WorldRec breaks through two long-standing bottlenecks — multi-hour per-scene optimization and Gaussian primitive explosion — by adopting a sparse-query-driven feed-forward paradigm, compressing reconstruction time from hours to seconds. WorldGen achieves high-quality long-horizon video generation with only 4 denoising steps through bidirectional pretraining followed by causal fine-tuning (Teacher Forcing → ODE distillation → DMD), while setting state-of-the-art FVD of 64.97 on nuScenes at 0.19s/frame inference speed. The Joint World Model organically integrates both: WorldRec's deterministic geometric constraints suppress generative drift, while WorldGen's rich imagination compensates for reconstruction limitations in unseen regions, achieving synergistic gains in stability, consistency, and fidelity.

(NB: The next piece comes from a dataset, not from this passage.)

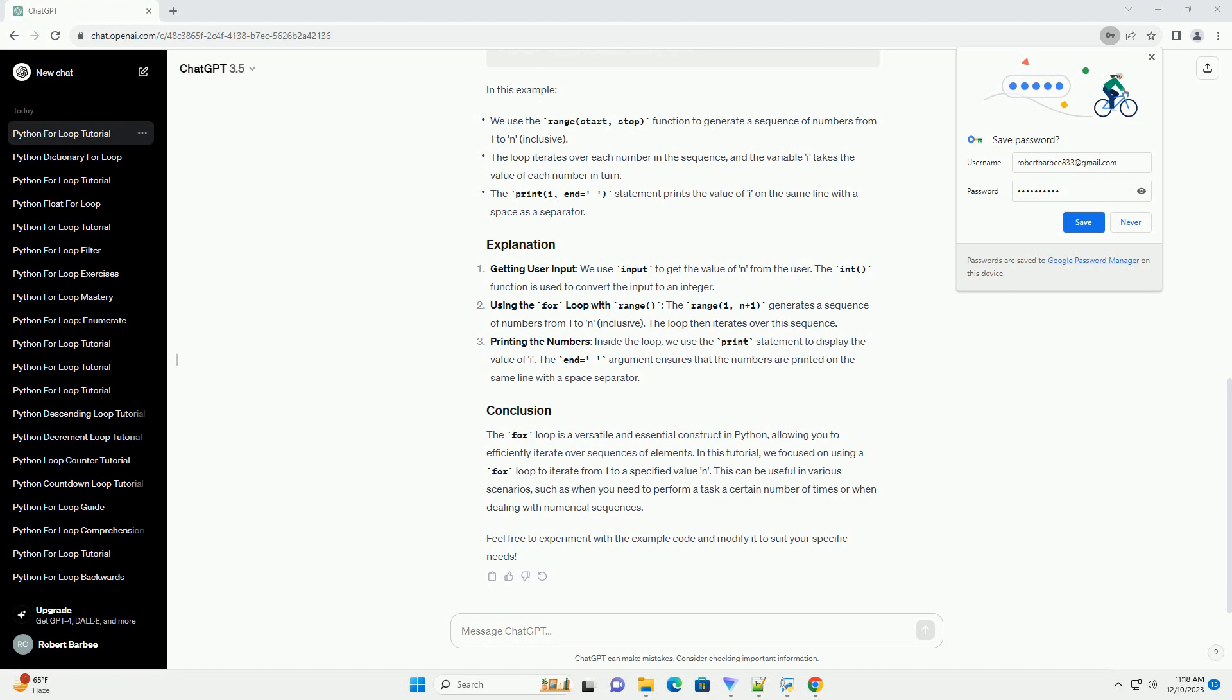Let's create an informative tutorial about Python for loops from 1 to n with a code example. In this tutorial, I'll cover the basics of the for loop, how it works, and provide a simple example.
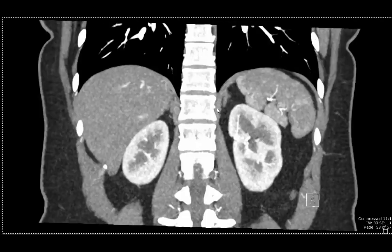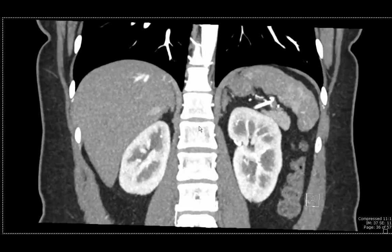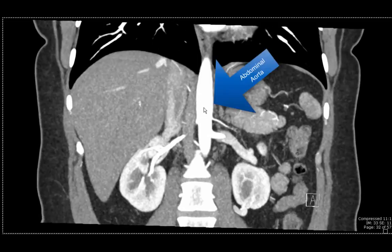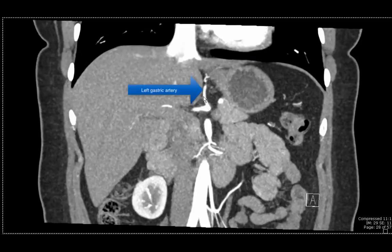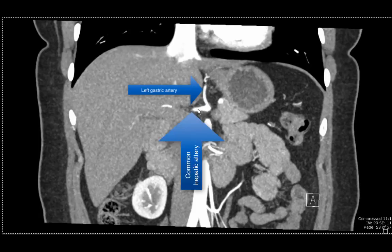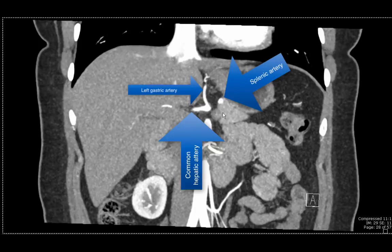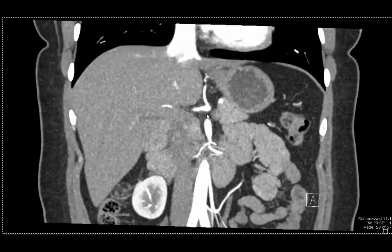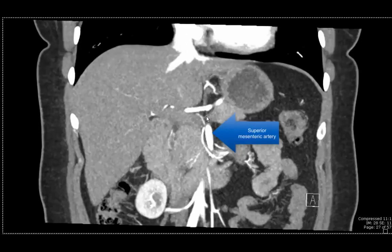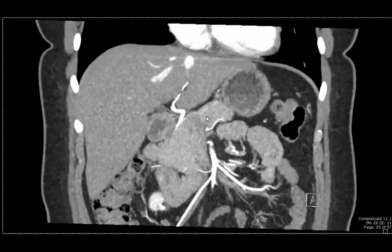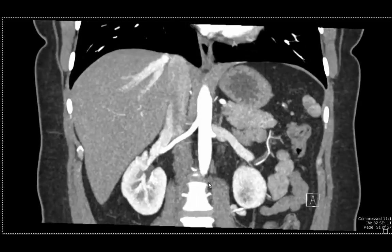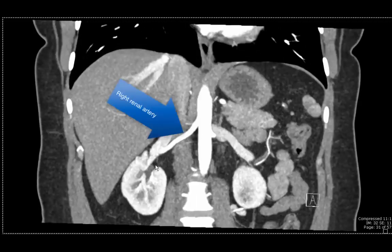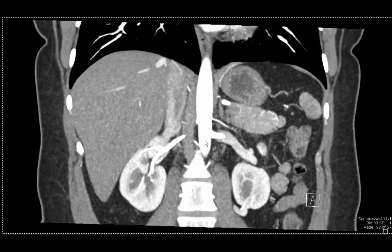To review some of the arterial anatomy in the coronal plane, we go back to the arterial phase images. As you scroll from posterior to anterior — the spine indicates posterior — you can start to see the abdominal aorta. The first branch is the celiac artery, which gives rise to the left gastric artery going cephalad, the common hepatic artery going to the right, and the splenic artery going to the spleen. The next big branch is the superior mesenteric artery, supplying the small bowel and majority of the large bowel. The last branch is the inferior mesenteric artery. On this image we can also see the right renal artery going to the kidney, and the left renal artery arising slightly more inferior going to the left kidney.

The technical system presented in this report provides a complete solution for constructing high-quality autonomous driving world models suitable for closed-loop simulation, data synthesis, and end-to-end training.
本报告系统阐述了 WorldRec、WorldGen 及联合世界模型的技术方案与实验结果。
WorldRec 通过稀疏查询驱动的前馈重建范式,突破了逐场景优化耗时长、高斯基元数量爆炸的双重瓶颈,将重建时间从数小时压缩至秒级。WorldGen 通过"双向预训练 → 因果微调"的两阶段策略,仅用 4 步去噪实现高质量长时序视频生成,同时在 nuScenes 上以 0.19 秒/帧的推理速度达到 FVD 64.97 的最优性能。联合世界模型有机整合两者,在稳定性、一致性与保真度三个维度上实现协同增益。
本报告提出的技术体系为构建可用于闭环仿真、数据合成与端到端训练的高质量自动驾驶世界模型提供了完整解决方案。